● Source data:
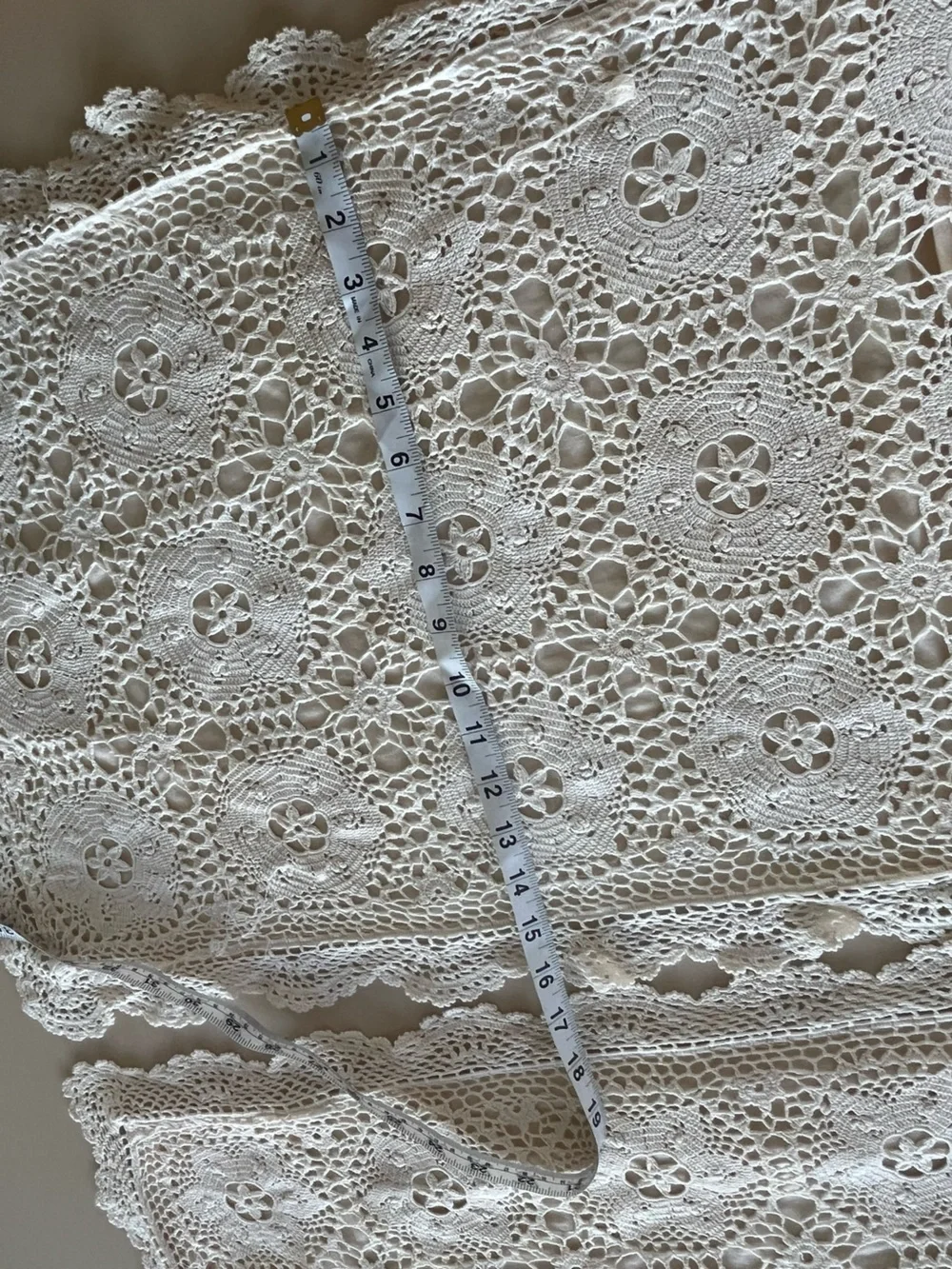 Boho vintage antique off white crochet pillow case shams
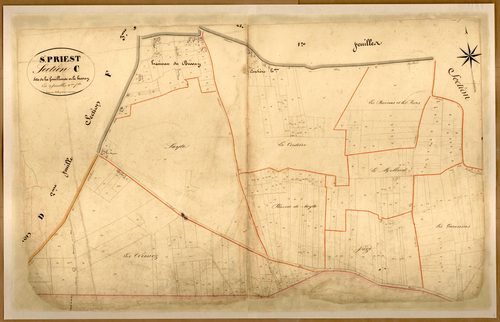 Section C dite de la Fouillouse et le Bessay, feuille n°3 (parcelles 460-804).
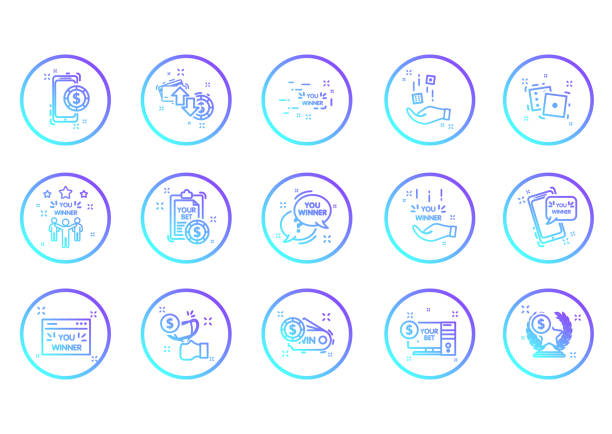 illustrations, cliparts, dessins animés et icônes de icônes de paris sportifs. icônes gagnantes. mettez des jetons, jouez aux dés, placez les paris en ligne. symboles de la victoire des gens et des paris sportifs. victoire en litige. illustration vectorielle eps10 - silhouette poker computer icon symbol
--
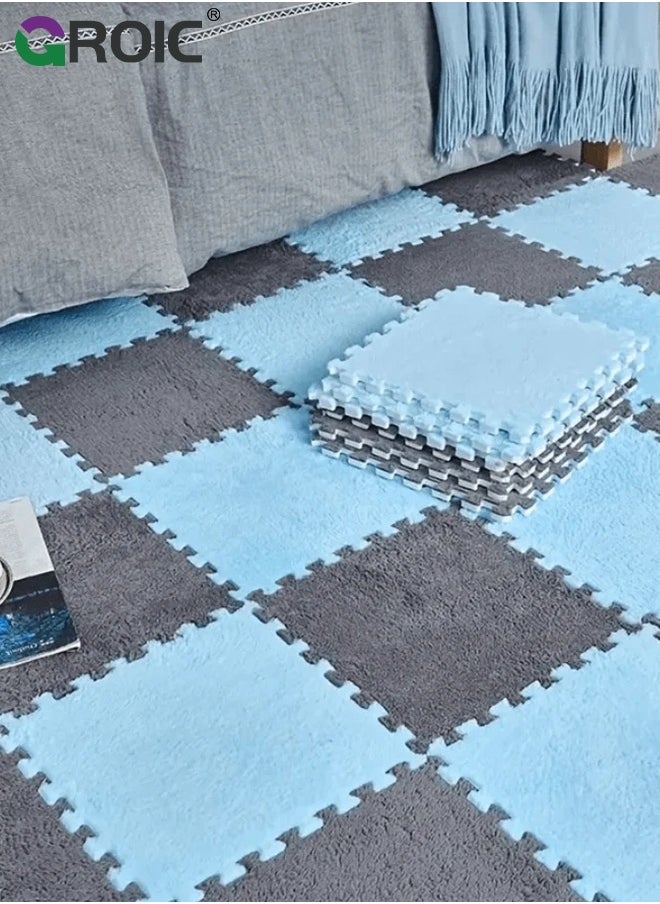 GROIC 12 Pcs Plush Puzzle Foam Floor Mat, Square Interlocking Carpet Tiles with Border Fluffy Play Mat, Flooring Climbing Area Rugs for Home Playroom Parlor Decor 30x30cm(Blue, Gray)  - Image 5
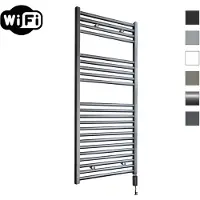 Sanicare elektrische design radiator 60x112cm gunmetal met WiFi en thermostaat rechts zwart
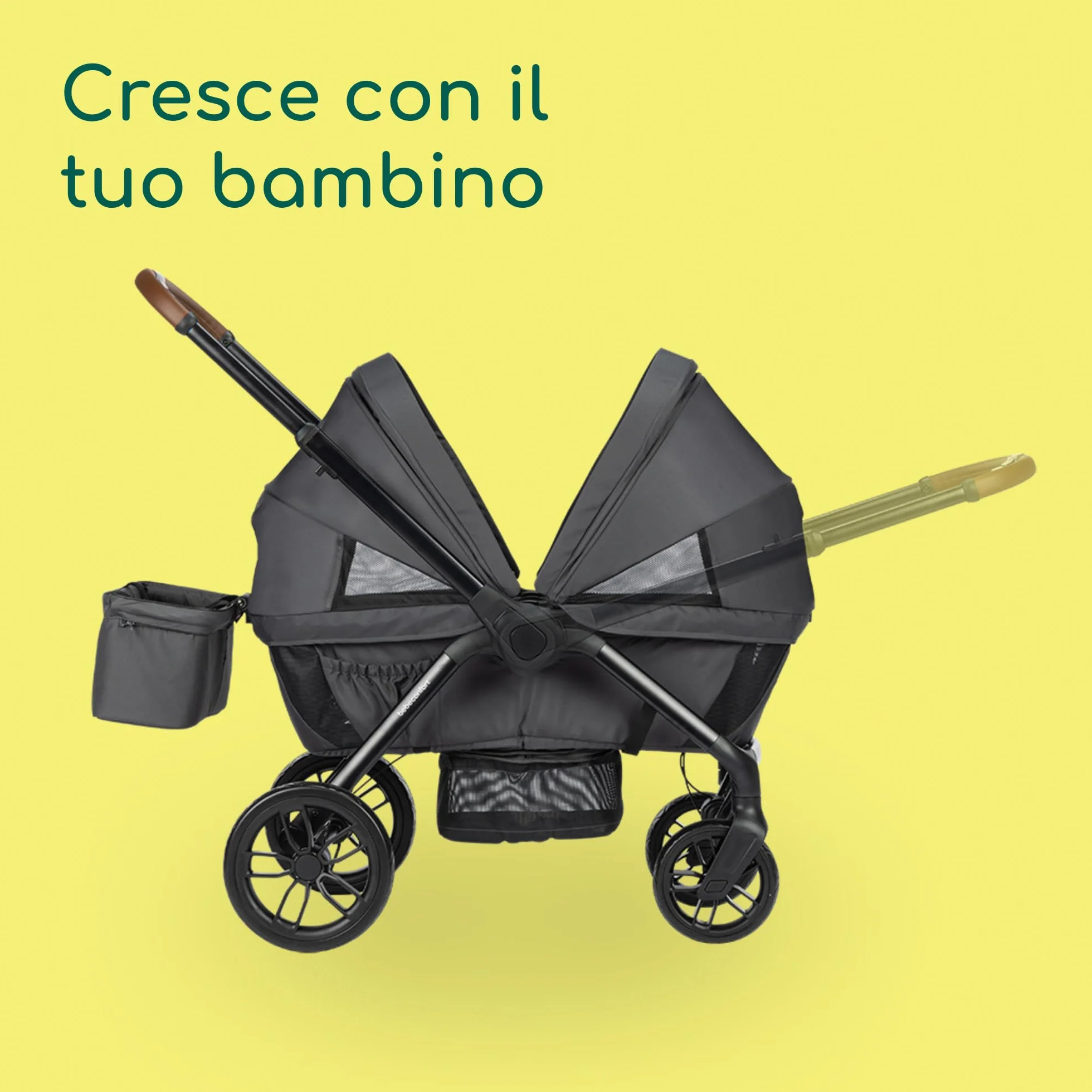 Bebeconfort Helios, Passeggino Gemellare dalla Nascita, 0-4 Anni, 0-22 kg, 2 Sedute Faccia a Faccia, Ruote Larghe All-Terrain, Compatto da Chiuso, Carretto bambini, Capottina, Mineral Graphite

● Task prompt: Starting with the line that has "GROIC 12 Pcs" and ending with the line that has "Sanicare elektrische design", repeat the lines above exactly, omitting every picture.

● Answer to the exercise:
 GROIC 12 Pcs Plush Puzzle Foam Floor Mat, Square Interlocking Carpet Tiles with Border Fluffy Play Mat, Flooring Climbing Area Rugs for Home Playroom Parlor Decor 30x30cm(Blue, Gray)  - Image 5
 Sanicare elektrische design radiator 60x112cm gunmetal met WiFi en thermostaat rechts zwart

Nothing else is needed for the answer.